RI ESG Briefing, Nov. 18: Green Investment Bank, M&G, CalPERS, EY, European Banking Authority

The round-up of the latest environmental, social and governance developments

Environmental

The UK’s Green Investment Bank (GIB) has invested £47m (€65m) in a new “energy from waste” (EFW) plant in Belfast, Northern Ireland. GIB said the plant was fuelled by feedstock derived from household and commercial waste. With a capacity of 15MW, it will supply power to an adjacent wing producing facility owned by Canadian aircraft manufacturer Bombardier. Other financiers of the EFW plant, whose total cost was put at £107m, are project developer RiverRidge Energy and London-based investment firms Equitix and P3P Partners. The EIB also said the plant would create 250 jobs during construction and 20 permanent positions when completed.

Staying in the UK, M&G Investments has provided £247m (€346m) in debt finance for the sake of 33 photovoltaic (PV) parks developed by UK solar power firm Lightsource. In a statement, M&G said the finance was done through the acquisition of a 22-year inflation-linked bond issued by Lightsource. “The investment has been made on behalf of pension fund clients who require inflation-linked income over the long term,” M&G said. Another £37m needed to finance the PV parks was provided by way of a mezzanine loan from Australia’s AMP Capital. The PV parks have a total capacity of 100MW, which M&G said was enough to power 30,600 homes in the UK.

The Connecticut State Treasurer’s Office plans to issue $65m in Green Bonds to provide funding for critical wastewater infrastructure projects statewide through the State’s Clean Water Program. This green bond sale will be the state’s third issuance of green bonds and will finance water pollution control projects for the Mattabassett District (Cromwell), the Metropolitan District Commission, the Greater New Haven Water Pollution Control Authority, and other local Clean Water projects across the State.

Social

The number of investors who use a structured, methodical evaluation of ESG issues has nearly doubled in a year illustrating a growing interest in nonfinancial reporting, says a new study
from consultancy firm EY. The study, Tomorrow’s Investment Rules 2.0, surveys more than 200 major institutional investors globally on the availability and quality of corporate nonfinancial information, and whether they use this information when making investment decisions.
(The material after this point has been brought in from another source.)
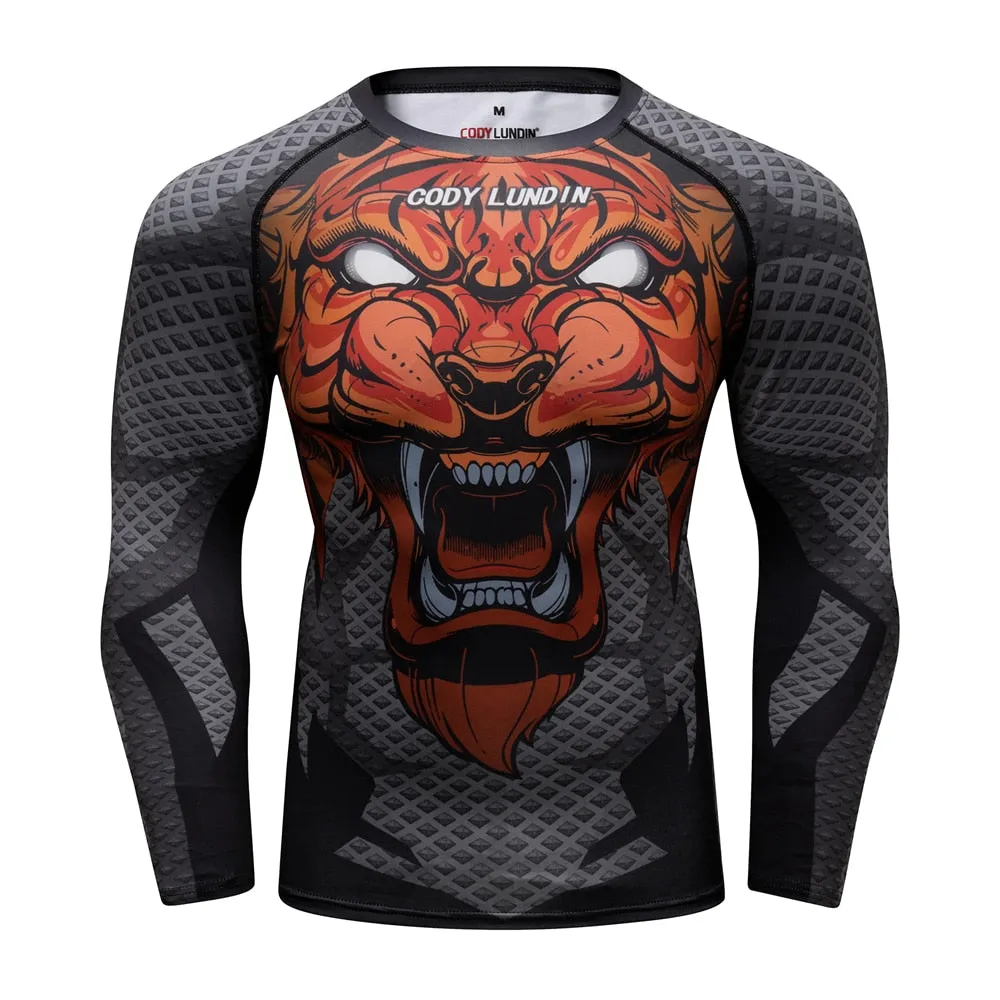 Tiger Compression 'My Jungle' Elite Long Sleeve Rashguard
It finds that the number of investors who use a structured, methodical evaluation of environmental and social impact information, has risen to 37% from 19.6% last year, when EY quizzed investors on the same information.h6. Governance

CalPERS, the US pension fund giant, is considering changing its proxy voting policies regarding director tenure by voting against director independence if it deems it may be “compromised” after 10 years of service. It says it expects companies to carry out rigorous evaluations to either classify directors as non-independent or provide detailed annual explanation why the director should continue to be classified as independent. In addition, it says boards should fully evaluate their succession planning process surrounding director refreshment to maintain the necessary mix of skills, diversity and experience.

The European Banking Authority (EBA) believes eight banks may have circumvented EU rules regarding bonuses in 2014. At issue are role-based allowances (RBAs) which European banks introduced following a cap on bonuses equalling 100% of base salary. While the banks first treated RBAs as part of base salary, the EBA ruled in October 2014 that they were to be considered a bonus. Despite its ruling, the EBA found that eight of the 35 EU banks it examined paid out EBAs as though they were part of base salary. This would be in addition to bonuses received. The banks were not named, and the London-based EBA said it expected all EU banks to comply with its ruling from this year. Link

Indonesia’s financial regulator has released a new set of guidelines on governance practices for listed companies in Jakarta. The regulations relate to international rules not yet integrated in the local capital market. Nurhaida, the country’s Financial Services Authority, believes the governance move could increase local company competitiveness in the ASEAN region. The targeted companies will have to comply from next year.

BNY Mellon has been appointed trustee, paying agent and bond registrar for $18.5 m in green bonds issued by the Vermont Educational and Health Buildings Financing Agency and Saint’s Michael College. The green bond proceeds will be used to finance the construction of a residence hall for students built on sustainable practices.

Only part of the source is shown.